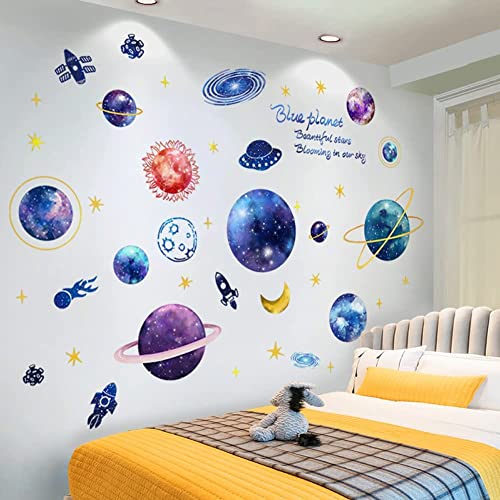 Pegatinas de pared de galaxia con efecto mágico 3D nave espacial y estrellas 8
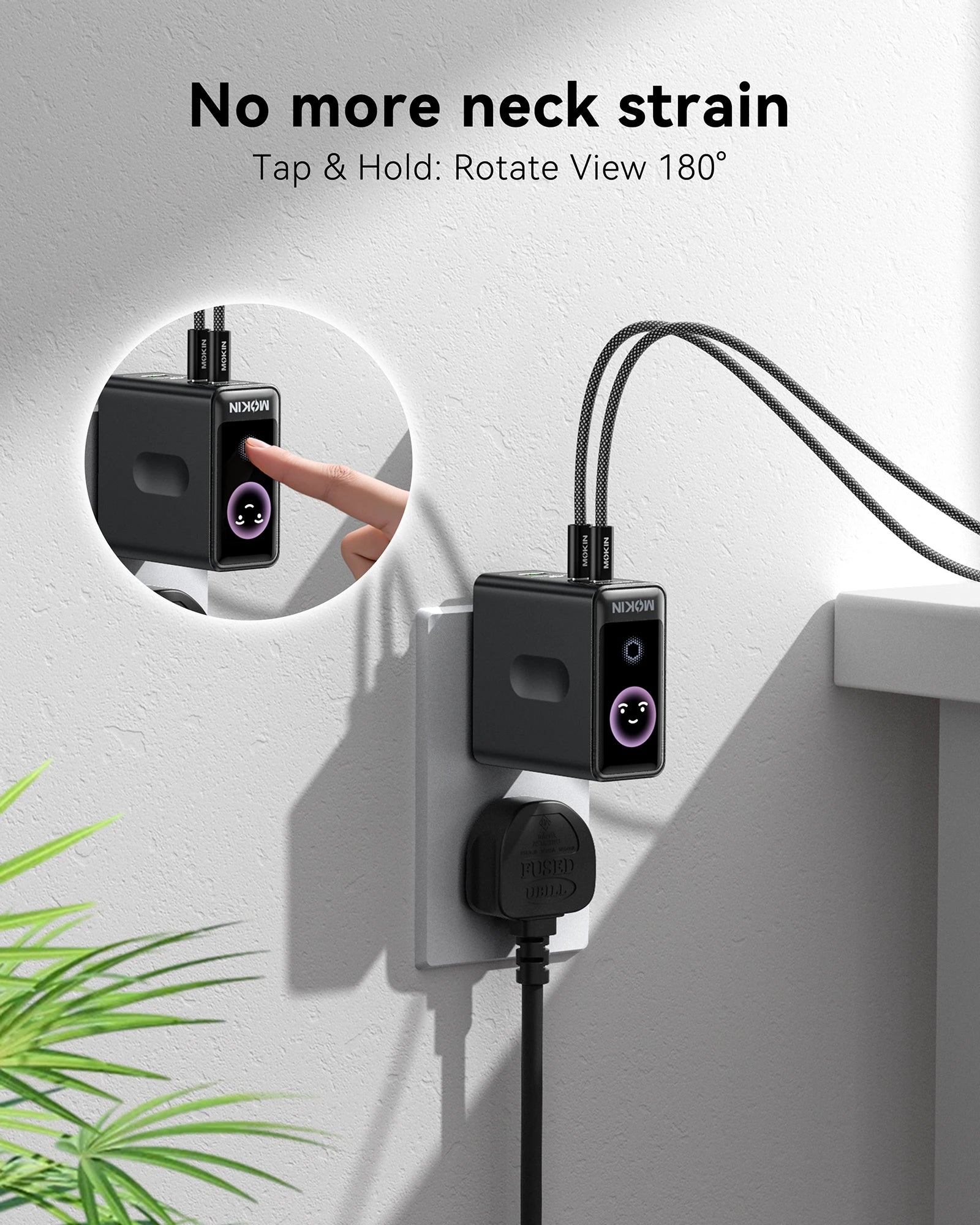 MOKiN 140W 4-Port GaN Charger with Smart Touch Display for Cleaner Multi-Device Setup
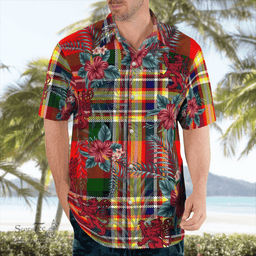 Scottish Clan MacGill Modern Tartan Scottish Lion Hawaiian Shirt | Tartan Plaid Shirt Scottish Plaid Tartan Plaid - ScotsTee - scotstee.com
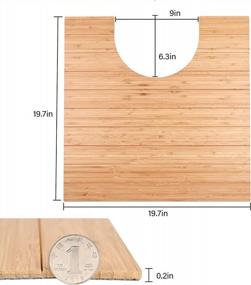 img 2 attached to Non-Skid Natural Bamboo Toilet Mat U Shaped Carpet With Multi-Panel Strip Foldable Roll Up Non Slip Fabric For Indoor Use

--

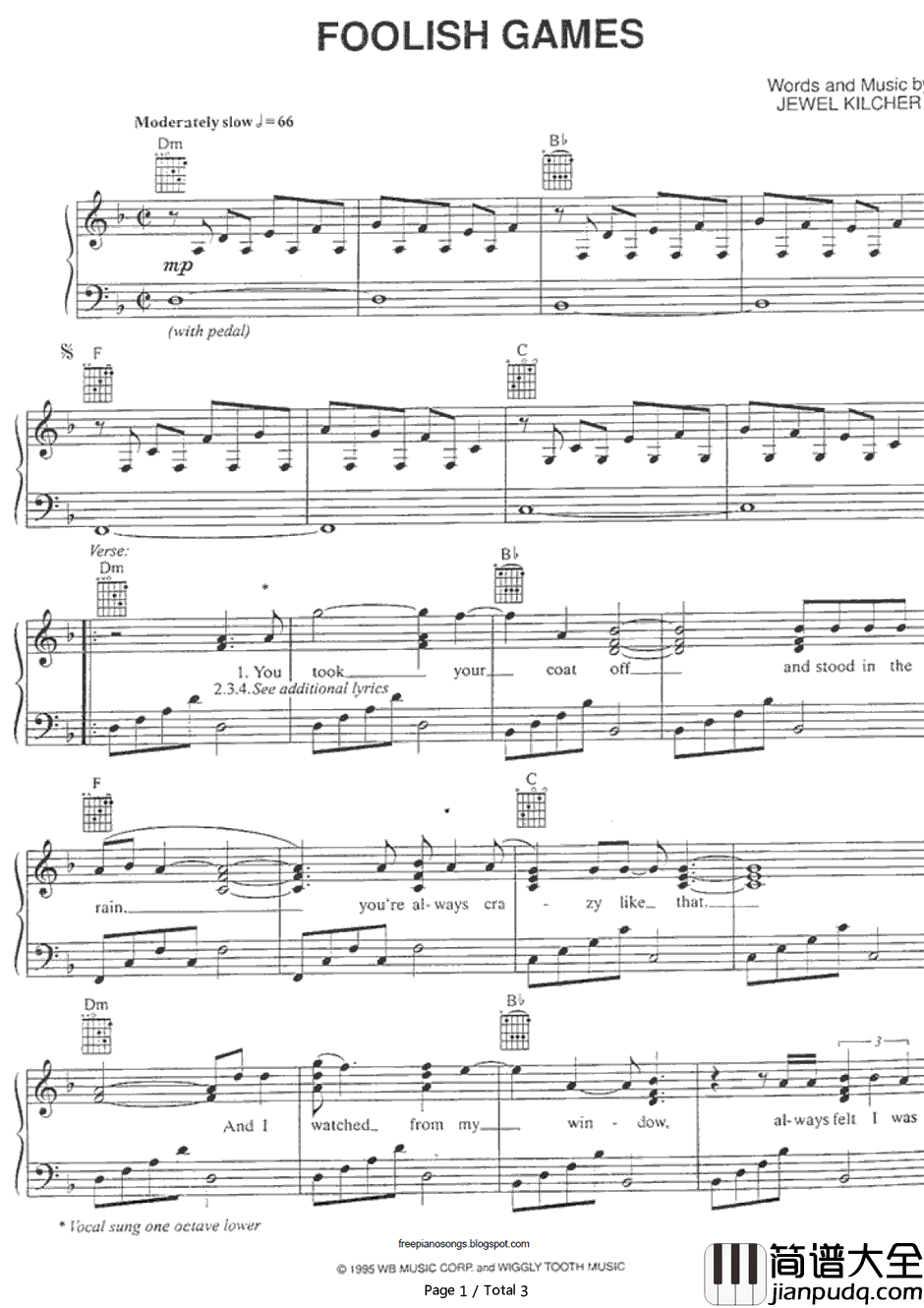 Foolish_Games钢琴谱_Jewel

---

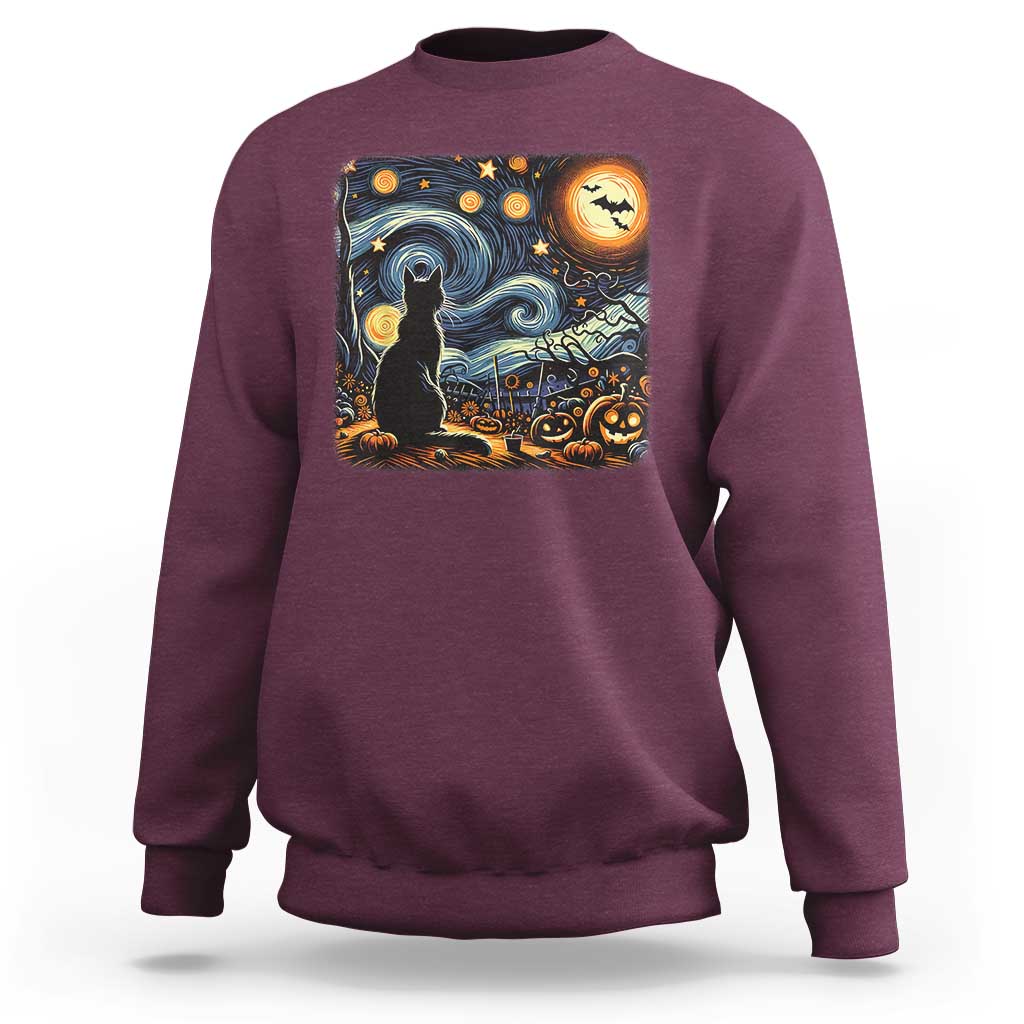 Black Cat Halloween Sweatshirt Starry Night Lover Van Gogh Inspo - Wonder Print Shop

* _INSTRUCTIONS TO FOLLOW_: Set down word for word the lines above from the one with "MOKiN 140W 4-Port" up to and including the one with "Scottish Clan MacGill". Omit every picture.

* _REPLY TO THE EXERCISE_:
 MOKiN 140W 4-Port GaN Charger with Smart Touch Display for Cleaner Multi-Device Setup
 Scottish Clan MacGill Modern Tartan Scottish Lion Hawaiian Shirt | Tartan Plaid Shirt Scottish Plaid Tartan Plaid - ScotsTee - scotstee.com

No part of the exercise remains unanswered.